Dept. pf Sport Sciences, Malmö Universit
Rae Pica
Physical Education for Young Children: Movement ABCs for the Little Ones
129 pages, pb., ill.
Champaign, IL: Human Kinetics 2008
ISBN 978-0-7360-7149-9
Rae Pica has written a book about early childhood and early elementary PE programs for children at the ages of 4–8 years. The need for such a book stems from the fact that young children are not yet developmentally ready to participate in organized sports, traditional gymnastics or dance. In a study, 49 percent of 1.100 5–8-year-olds were found to “lack the ability to perform even the most fundamental skills required in their sports” (p. 4).
We have to lay the foundation before we can construct the ground floor. We have to complete the ground floor before we can erect the rest of the building. (Pica, 2008, p. viii).
Promoting lifelong fitness should be the goal of every PE program, Pica states. Some similarities can be found with the pedagogy by Holle (1978), also used in the Swedish model for motor skills training, “Motorisk Utveckling som Grund för Inlärning”[1] (MUGI, Ericsson, 2003), for example in statements like: It is important to teach young students in ways that insure success, and children should definitely succeed at single actions before attempting combinations of them, such as simultaneously running and bouncing a ball. If early physical experiences involve more frustration and failure than fun and success, enjoyment of movement can rapidly disappear. The challenge is to offer young students challenges that are equal to the skills they possess.
Preschoolers are just learning to identify what end where their body parts are and haven’t really begun learning how to use them. Using them in a coordinated fashion is simply asking too much. (Pica, 2008, p. 6).
ABCs of movement contains, according to Pica, body-part identification, basic motor skills (nonlocomotor, locomotor, and manipulative), and awareness of the elements of movement (space, shape, time, force, flow, and rhythm).

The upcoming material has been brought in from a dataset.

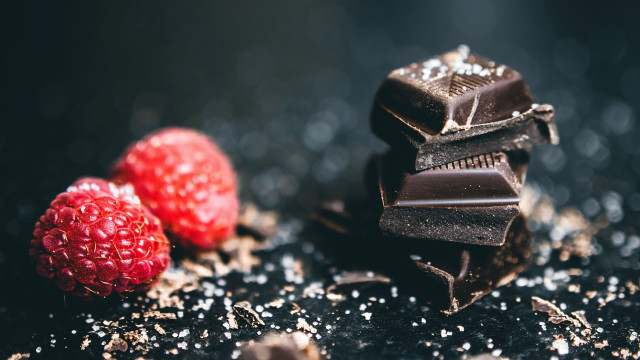 Chocolate raspberries still life food free wallpaper for desktop - medium preview image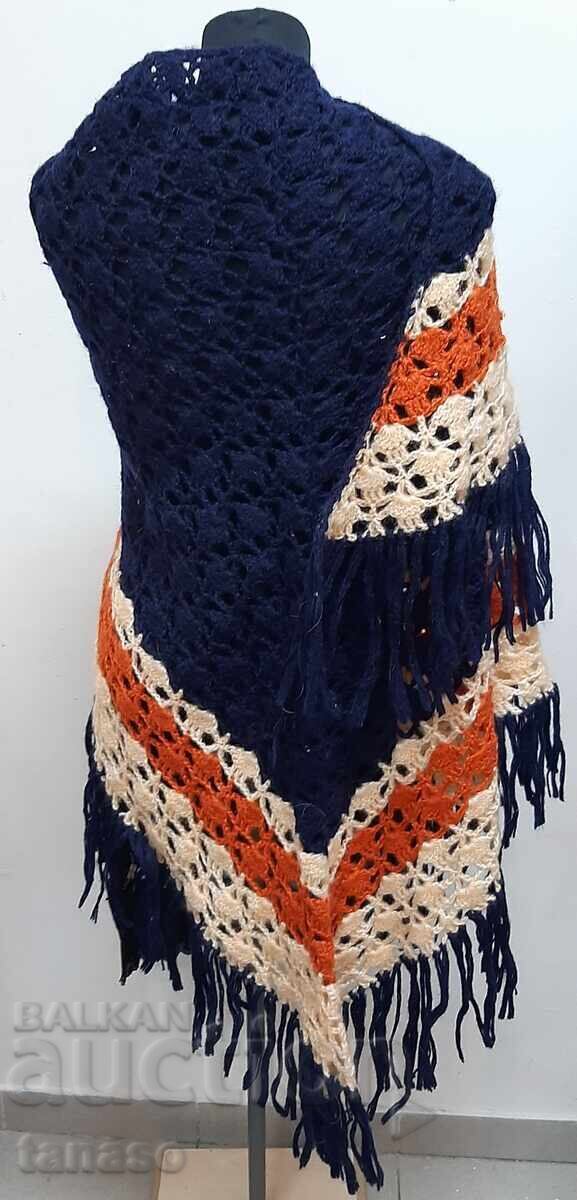 Large hand-knitted wool scarf, cape (18.2) Large hand-knitted wool scarf, cape (18.2)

The book is well structured in seven chapters with titles such as Fundamental Motor Skill Development, Fitness for Young Children and Linking the Gym with the Classroom. In each chapter special items are stressed under the following subtitles: Consider this, Try this or Remember this, which makes the text easy to read. There is also an appendix with three short sample lesson plans: one for ages 4–5, one for ages 5–6, and the third for ages 6–8. There could have been more than one example for each age and the lessons plans might have gained in quality if some pictures were inserted to illustrate the tasks together with advice of how to organize them in the gym. Additionally a teacher/leader might need some guidelines of what is important to observe in the children’s movements.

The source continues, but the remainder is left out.